BEGIN
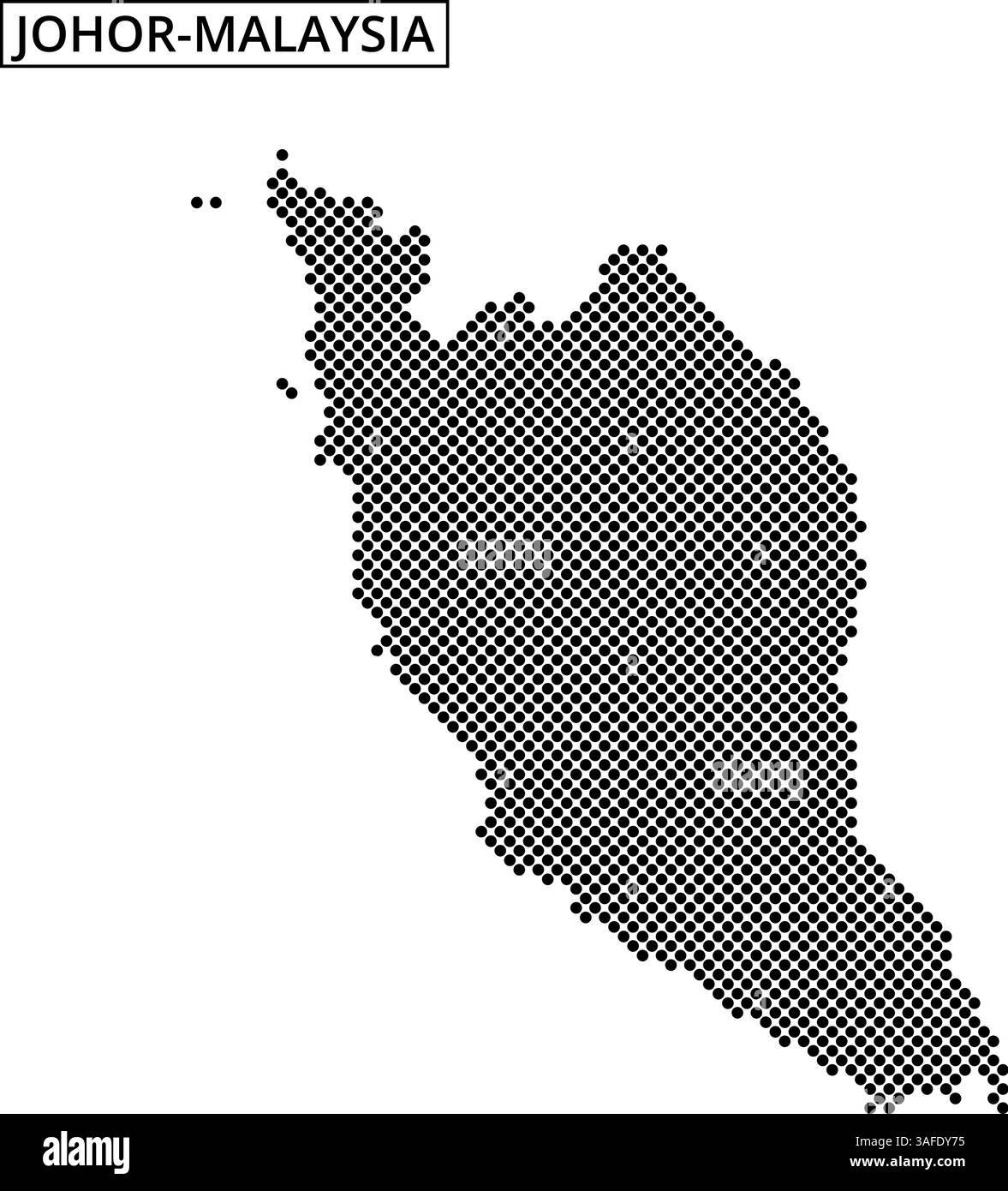 A dotted map displays the geographic outline of Malaysia, illustrating its two main regions and surrounding areas in a minimalist style. Stock Vector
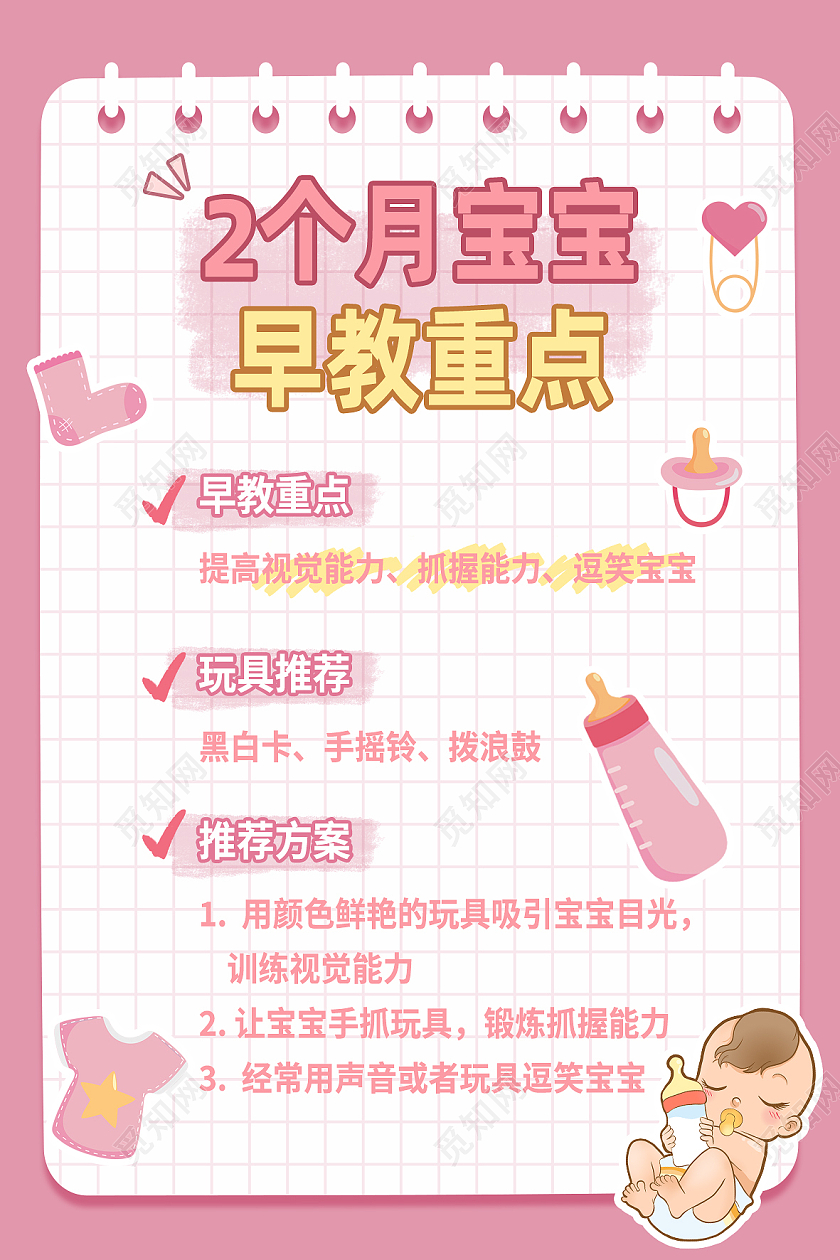 粉色简约2个月宝宝早教重点科普海报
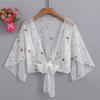 Chal corto de verano con falda y falda deslizante, cárdigan exterior, chal pequeño, nudo para mujer, chal pequeño de estilo occidental que combina con todo.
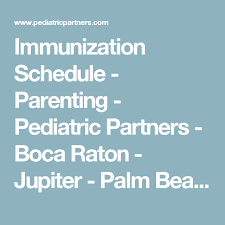 Immunization Schedule Parenting Pediatric Partners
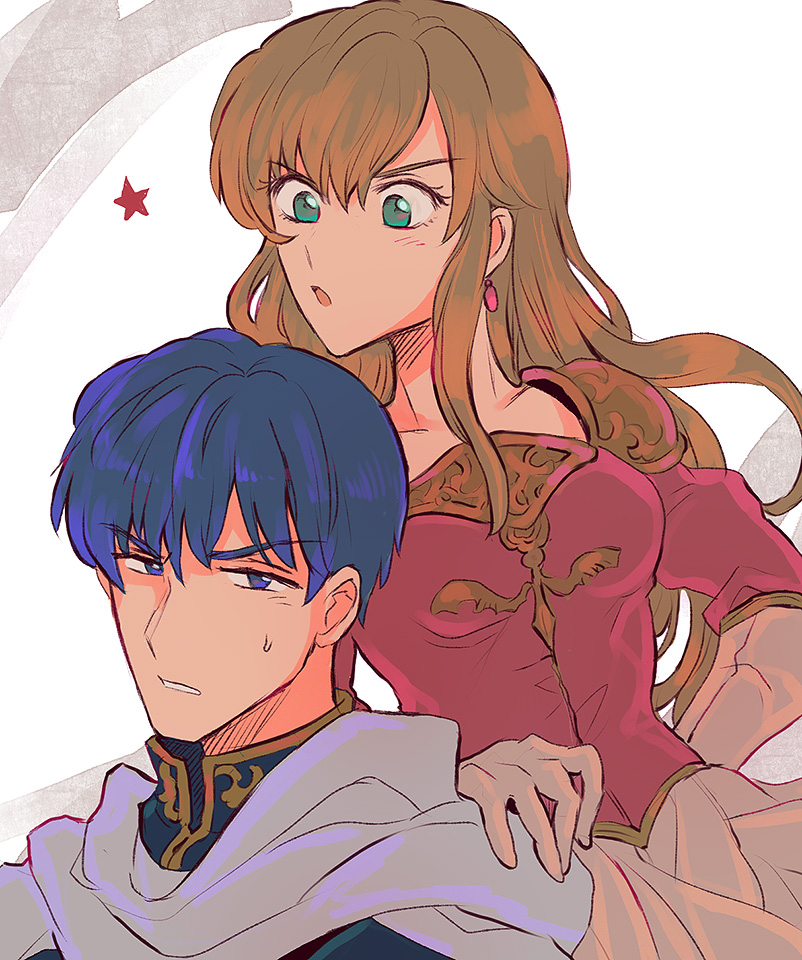 1boy, 1girl, angry, blonde_hair, blue_coat, blue_eyes, blue_hair, cape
END
§ PROBLEM
Repeat verbatim the range of lines that opens at the line containing "Immunization Schedule Parenting" and closes at the last line of the entries, excluding all pictures.

§ THE COMPLETED TASK
 Immunization Schedule Parenting Pediatric Partners
 1boy, 1girl, angry, blonde_hair, blue_coat, blue_eyes, blue_hair, cape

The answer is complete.